Raquel Rolnik, Guilherme Lobo Pecoral e Giovanna Milano*
Em pleno mês que visa dar visibilidade e valorizar à cultura afro-brasileira e a luta contra o racismo, a Iyalorixá do Ilê Asé Odé Ibualamo e liderança comunitária Mãe Zana de Odé tem lutado pela preservação do espaço sagrado onde está localizado um terreiro ameaçado de remoção pela prefeitura de Carapicuíba (SP). A justificativa usada pelas autoridades municipais é a obra de canalização do Córrego do Cadaval que o margeia. Fundado pelo seu avô Babalorixá João Canavieiras, Zana é a terceira Iyalorixá, como é chamada a mãe de santo na tradição de matriz africana.
Mãe Caçailê, conhecida como Mãe Nega, chegou à cidade da Região Metropolitana de São Paulo na década de 1980, instalando-se em uma comunidade onde havia um pequeno rio e muito verde. Como em qualquer local divino, não foi por acaso: a presença do riacho, da vegetação abundante, entre outros elementos naturais, foi determinante para a escolha dos orixás. Assim como em outros terreiros, e como a maior parte do território popular brasileiro, a compra da área de 200 m² não passou por registros e escrituras.

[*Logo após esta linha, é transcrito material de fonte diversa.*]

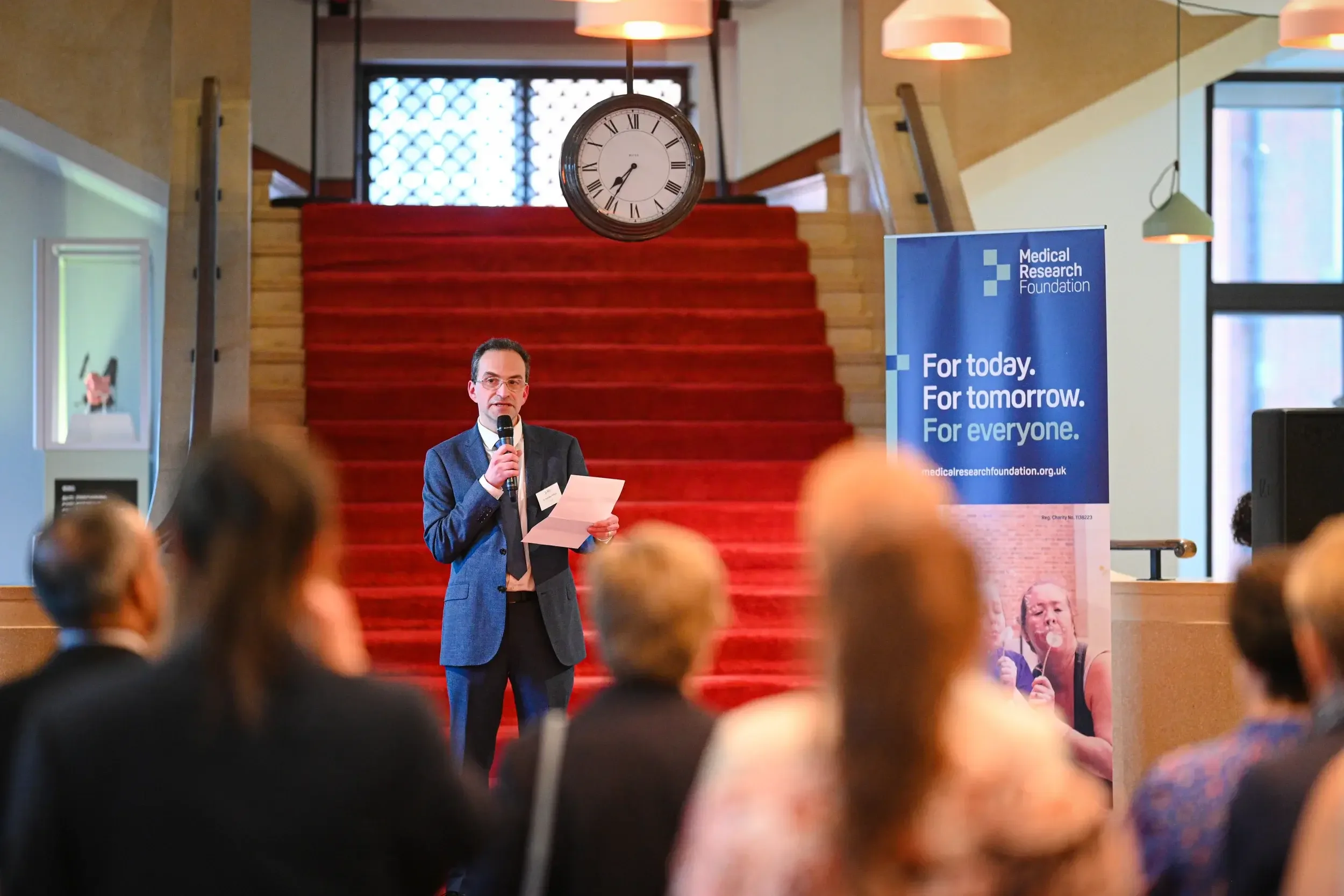 Dr Berkeley Phillips speaking at COVID-19 Emerging Leaders Prize event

Quando Mãe Nega faleceu, sua filha Zana manteve o Ilê e suas práticas tradicionais de matriz africana, atravessando a transformação do bairro, a poluição crescente do rio e a ocupação de suas margens, onde seria a área de preservação permanente. Neste momento, a obra de canalização, promovida pela Prefeitura de Carapicuíba, passa literalmente em cima do terreiro e nenhum diálogo com os promotores da obra, muito menos o reconhecimento da importância histórica e sagrada do Ilê, teve lugar.
Como em inúmeras outras situações deste tipo, a obra pública que atravessa o bairro, destruindo dezenas de moradias, dificilmente garante o acesso a uma nova moradia adequada aos desabrigados, alegando a falta de documentação. Quando muito, uma carta de crédito é oferecida pela CDHU, o que significa que não há compensações monetárias pelo que as pessoas já investiram. É oferecido uma dívida para comprar outra casa e começar tudo de novo.
Pela janela do Ilê Asé Odé Ibualamo já pode se ver que as obras de canalização do córrego promovidas pela Prefeitura de Carapicuíba já estão demolindo as edificações em volta, afetando inclusive a estrutura do terreiro
Neste caso, para além destas questões, soma-se o fato de que o terreiro, além de ser local de moradia de Mãe Zana de Odé e de outros membros de axé, como funcionam os terreiros onde Iyalorixás e filhos habitam, compartilhando o cotidiano de cuidado da comunidade, do território e do sagrado. Trata-se de patrimônio cultural, de lócus de memória ancestral, de significados e valores do espaço que vão além da materialidade da casa, mas que a incluem.
Já passou da hora de se reconhecer formas de ocupação do espaço que tem significados para além da moradia e das dimensões econômicas, e a permanência do Ilê Asé Odé Ibualamo pode ser um excelente passo para consolidarmos este caminho. O reconhecimento e a garantia de permanência dos territórios tradicionais nas cidades conectam-se a um dever de reparação frente às violações promovidas pelo racismo estrutural na formação social brasileira, promovendo o direito à preservação da memória e de construção de futuros mais igualitários e justos no espaço urbano.
* Raquel Rolnik é professora na FAUUSP e coordenadora do LabCidade; Guilherme Lobo Pecoral é estudante de direito na USP e pesquisador do Observatório de Remoções; e Giovanna Milano é professora de direito urbanístico do Instituto das Cidades (Unifesp) e pesquisadora do Grupo Transborda e do Observatório de Remoções.